Therein lies the crux of complex systems and their endless possibilities of interacting with each other. When we try to predict all possible interactions, there will still be even more at some point in the future.

The conditions a system was designed for are bound to change over time as it is put into production use. Increasing usage, changing infrastructure, different operations personell, to name a few.

Weather changes because of climate change, and it takes decades for the effect to have any possible impact on our plane’s wings.

How complex systems fail

With a sheer infinite amount of interactions and emerging inputs increasing them even further, the system can have an incredible amount of failure modes.

But, according to Richard Cook’s “How Complex Systems Fail”,

Overt catastrophic failure occurs when small, apparently innocuous failures join to create opportunity for a systemic accident. Each of these small failures is necessary to cause catastrophe but only the combination is sufficient to permit failure.
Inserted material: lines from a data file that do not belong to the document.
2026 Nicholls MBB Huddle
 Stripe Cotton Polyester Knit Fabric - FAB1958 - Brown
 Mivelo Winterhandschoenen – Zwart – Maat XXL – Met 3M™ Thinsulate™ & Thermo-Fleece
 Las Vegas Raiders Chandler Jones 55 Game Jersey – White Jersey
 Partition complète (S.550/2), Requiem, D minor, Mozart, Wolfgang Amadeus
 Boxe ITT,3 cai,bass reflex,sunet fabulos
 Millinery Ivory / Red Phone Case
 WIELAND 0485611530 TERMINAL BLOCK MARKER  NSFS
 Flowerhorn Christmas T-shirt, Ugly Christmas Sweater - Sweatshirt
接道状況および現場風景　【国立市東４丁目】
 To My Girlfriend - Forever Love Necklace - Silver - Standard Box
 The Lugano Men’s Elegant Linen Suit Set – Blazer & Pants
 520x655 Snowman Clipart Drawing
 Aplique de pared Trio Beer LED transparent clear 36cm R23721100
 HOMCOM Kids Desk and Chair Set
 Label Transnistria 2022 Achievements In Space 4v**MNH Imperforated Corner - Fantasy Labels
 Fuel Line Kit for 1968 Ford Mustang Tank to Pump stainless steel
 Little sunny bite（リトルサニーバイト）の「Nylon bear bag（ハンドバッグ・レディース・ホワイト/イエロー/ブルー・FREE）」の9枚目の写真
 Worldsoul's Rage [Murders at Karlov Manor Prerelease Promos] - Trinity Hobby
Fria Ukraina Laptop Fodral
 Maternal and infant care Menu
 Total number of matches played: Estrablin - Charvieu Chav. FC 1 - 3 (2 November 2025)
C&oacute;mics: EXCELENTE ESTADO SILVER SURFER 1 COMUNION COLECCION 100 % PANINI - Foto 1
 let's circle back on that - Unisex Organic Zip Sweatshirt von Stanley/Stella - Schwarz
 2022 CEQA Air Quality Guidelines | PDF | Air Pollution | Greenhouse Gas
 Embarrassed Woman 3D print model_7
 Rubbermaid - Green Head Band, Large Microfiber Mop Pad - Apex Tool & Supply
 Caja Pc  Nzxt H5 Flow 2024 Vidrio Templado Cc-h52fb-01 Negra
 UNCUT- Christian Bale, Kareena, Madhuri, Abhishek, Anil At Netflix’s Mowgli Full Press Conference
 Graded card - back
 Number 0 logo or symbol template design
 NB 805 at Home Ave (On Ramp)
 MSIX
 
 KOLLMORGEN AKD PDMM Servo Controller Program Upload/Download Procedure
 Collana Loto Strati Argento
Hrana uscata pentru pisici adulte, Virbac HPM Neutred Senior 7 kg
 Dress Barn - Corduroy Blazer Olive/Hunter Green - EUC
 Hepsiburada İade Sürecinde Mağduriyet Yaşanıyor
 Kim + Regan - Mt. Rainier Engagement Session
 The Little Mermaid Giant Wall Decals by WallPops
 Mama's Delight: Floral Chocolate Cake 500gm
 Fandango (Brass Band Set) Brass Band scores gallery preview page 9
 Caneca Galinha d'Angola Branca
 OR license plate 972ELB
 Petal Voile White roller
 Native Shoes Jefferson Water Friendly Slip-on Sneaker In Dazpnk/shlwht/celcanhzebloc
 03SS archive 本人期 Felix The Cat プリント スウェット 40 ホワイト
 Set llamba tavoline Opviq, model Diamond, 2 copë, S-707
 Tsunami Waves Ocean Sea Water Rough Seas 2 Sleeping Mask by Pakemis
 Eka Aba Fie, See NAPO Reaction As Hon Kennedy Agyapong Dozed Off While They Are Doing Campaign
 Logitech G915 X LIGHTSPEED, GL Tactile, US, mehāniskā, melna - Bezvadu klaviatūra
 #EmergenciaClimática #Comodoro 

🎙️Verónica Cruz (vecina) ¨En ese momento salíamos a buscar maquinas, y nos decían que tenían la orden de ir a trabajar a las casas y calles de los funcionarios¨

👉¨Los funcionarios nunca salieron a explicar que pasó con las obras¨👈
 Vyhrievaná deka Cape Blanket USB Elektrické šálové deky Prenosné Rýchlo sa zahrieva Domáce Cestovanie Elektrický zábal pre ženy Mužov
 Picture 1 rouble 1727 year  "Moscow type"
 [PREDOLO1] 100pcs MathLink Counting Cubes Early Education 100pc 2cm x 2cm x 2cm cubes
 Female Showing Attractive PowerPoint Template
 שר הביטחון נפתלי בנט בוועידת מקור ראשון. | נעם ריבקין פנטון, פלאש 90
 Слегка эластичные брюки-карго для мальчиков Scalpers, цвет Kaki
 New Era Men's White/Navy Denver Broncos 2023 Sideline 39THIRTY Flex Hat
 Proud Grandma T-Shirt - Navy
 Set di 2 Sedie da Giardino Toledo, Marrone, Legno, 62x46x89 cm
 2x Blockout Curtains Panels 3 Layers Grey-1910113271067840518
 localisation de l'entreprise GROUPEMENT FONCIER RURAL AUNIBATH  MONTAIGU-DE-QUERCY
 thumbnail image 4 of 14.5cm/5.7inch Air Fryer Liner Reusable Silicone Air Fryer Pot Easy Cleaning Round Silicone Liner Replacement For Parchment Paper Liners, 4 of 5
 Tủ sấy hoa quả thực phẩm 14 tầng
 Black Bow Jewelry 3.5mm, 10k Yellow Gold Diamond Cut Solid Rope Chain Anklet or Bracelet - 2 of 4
It requires multiple failures coming together for the system to fail.

With so many systems interacting with each other, predicting how and when a combination of failures is coming together feels beyond our mental capacity.

The human factor

What then holds our systems together when they’re facing uncertainy in all directions?

Surprisingly, it’s the human operator. Based on ever increasing exposure to and experience operating systems in production is a human the truly adaptable element in the system’s equation.

Recognizing hazard and successfully manipulating system operations to remain inside the tolerable performance boundaries requires intimate contact with failure.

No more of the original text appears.